Both Timer and multicast are examples of connectable publishers.

SwiftUI

The SwiftUI framework is based upon displaying views from an explicit state; as the state changes, the view updates.

SwiftUI uses a variety of property wrappers within its Views to reference and display content from outside of those views. @ObservedObject, @EnvironmentObject, and @Published are the most common that relate to Combine. SwiftUI uses these property wrappers to create a publisher that will inform SwiftUI when those models have changed, creating an objectWillChange publisher. Having an object conform to ObservableObject will also get a default objectWillChange publisher.

SwiftUI uses ObservableObject, which has a default concrete class implementation called ObservableObjectPublisher that exposes a publisher for reference objects (classes) marked with @ObservedObject.

Binding

Binding is a property wrapper in SwiftUI that allows you to create a two-way connection between a value and a view. When you use Binding a value, it creates a reference to the value that can be passed around to different views, and any changes made to the value Binding are automatically propagated back to the original value.

@propertyWrapper public struct Binding<Value> {
    public init(get: @escaping () -> Value, set: @escaping (Value) -> Void)
    public var wrappedValue: Value { get nonmutating set }
    public var projectedValue: Binding<Value> { get }
}

There are a number of SwiftUI property wrappers that create bindings:

• @State: creates a binding to a local view property, and is intended to be used only in one view
• @Binding: is used to reference an externally provided binding that the view wants to use to present itself. You will see there upon occasion when a view is expected to be a component, and it is watching for its relevant state data from an enclosing view.
• @EnvironmentObject: make the state visible and usable across a set of views. @EnvironmentObject is used to inject your own objects or state models into the environment, making them available to be used by any of the views within the current view hierarchy.
• @Environment is used to expose environmental information already available from within the frameworks

Example of a State that is using a Binding

struct ContentView: View {
    @State var name: String = "John"
    
    var body: some View {
        VStack {
            Text("Hello, \(name)!")
            TextField("Enter your name", text: $name)
        }
    }
}

In this example, we’re using Binding to connect the value of the TextField to the name property of the ContentView. By passing $name as the text argument, we're creating a two-way connection between the TextField and the name property. Whenever the user types in the TextField, the name property is automatically updated, and whenever the name property is updated elsewhere in the view, the TextField is automatically updated to reflect the new value.

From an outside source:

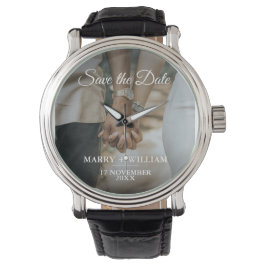 Elegant - minimalistiskt Trendig Spara datumfotoma Armbandsur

Binding is a powerful tool for building reactive user interfaces in SwiftUI, as it allows you to create flexible and dynamic views that can adapt to changes in user inputs or data sources.

SwiftUI and Combine

All of this detail on Binding is important to how SwiftUI works, but irrelevant to Combine — Bindings are not combine pipelines or structures, and the classes and structs that SwiftUI uses are directly transformable from Combine publishers or subscribers.

SwiftUI does, however, use combine in coordination with Bindings. Combine fits into SwiftUI when the state has been externalized into a reference to a model object, most often using the property wrappers @ObservedObject to reference a class conforming to the ObservableObject protocol. The core of the ObservableObject a protocol is a combine publisher objectWillChange, which is used by the SwiftUI framework to know when it needs to invalidate a view based on a model changing.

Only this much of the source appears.